Some power generators briefly earned huge profits during California's power crisis, but the industry did not walk away unscathed. Many companies were targeted by government investigators for wrongful manipulation of natural gas and electricity markets, making banks wary of lending them money to build more power plants.
According to the California Energy Commission, more than 40% of the about 9,400 megawatts of power-plant capacity that was scheduled to be built in the state as of March 2001 has since been put on hold by private companies for assorted reasons, including lack of financing. The delayed plants could together generate enough electricity to supply 2.7 million homes.
The canceled construction could lead to tight power supplies after 2006, said energy commission Executive Director Steve Larson.
"We need to be making decisions soon if we're going to fully prepare for 2006 and beyond," Larson said.

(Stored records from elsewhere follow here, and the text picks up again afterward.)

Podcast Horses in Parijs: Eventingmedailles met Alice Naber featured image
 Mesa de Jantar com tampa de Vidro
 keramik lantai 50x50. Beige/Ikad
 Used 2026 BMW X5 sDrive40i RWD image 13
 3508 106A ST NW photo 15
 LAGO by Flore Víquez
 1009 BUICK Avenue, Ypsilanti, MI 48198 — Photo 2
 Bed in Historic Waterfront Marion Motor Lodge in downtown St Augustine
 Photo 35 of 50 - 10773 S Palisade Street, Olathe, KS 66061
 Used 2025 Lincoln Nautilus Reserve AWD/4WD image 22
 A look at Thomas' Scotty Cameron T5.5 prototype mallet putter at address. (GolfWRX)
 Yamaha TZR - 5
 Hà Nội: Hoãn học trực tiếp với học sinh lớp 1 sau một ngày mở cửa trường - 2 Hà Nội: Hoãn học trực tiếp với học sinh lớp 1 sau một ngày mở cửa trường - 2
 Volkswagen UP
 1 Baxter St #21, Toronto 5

S. David Freeman, chairman of the state public power authority, said he is not so confident about California's ability to get through even next summer without power shortages or price spikes. He warned that nearly half of the state's power plants are 30 years old or more and prone to breakdown.
What's more, about 15% of the state's capacity to generate electricity is owned by private companies that have no contractual obligation to sell the output within the state.
"You have to run scared when plants are old and can be shut down for economic reasons and the new ones can make contracts to sell out of state and we don't even know about it," Freeman said. "I don't think we have reserve numbers that you can just gladly say we're OK."
He urged the Public Utilities Commission to order Southern California Edison, Pacific Gas & Electric and San Diego Gas & Electric to aggressively sign long-term contracts for power so they are not caught short, especially on hot summer days when air conditioning drives up consumption.
Those utilities returned to the business of buying power for their customers this month, resuming a job that the state Department of Water Resources assumed in January 2001 after the utilities took on so much debt that power generators refused to sell to them.
The utilities are obligated to give the PUC long-term plans for buying electricity by April 1. Supplies appear abundant for 2003, said Barbara Hale, director of strategic planning for the PUC. Either through contracts or their own power plants, the utilities have 3% to 12% more electricity than their customers probably will need in all but one month of 2003, she said. The largest share of that power comes through contracts that were signed by the Department of Water Resources, many of them negotiated by Freeman when he worked as an advisor to Gov. Gray Davis in 2001.
In the two-hour hearing, the first on California's energy policy since the state's budget shortfall overwhelmed lawmakers late last year, Bowen questioned whether the state's investment in energy efficiency is adequate. She also asked experts whether they had calculated what could happen to power reliability in California should PG&E;, now in bankruptcy, succeed in selling its 4,000-megawatt hydroelectric system to an unregulated company.
Freeman called such a possibility "just horrendous," given the crucial role PG&E;'s powerhouses on the Sierra Nevada's rivers play in meeting the state's peak demand. He said the California Consumer Power and Conservation Financing Authority that he leads, which was created by the Legislature in 2001 to guarantee adequate electricity supplies, holds the authority to seize PG&E;'s power plants by eminent domain if necessary.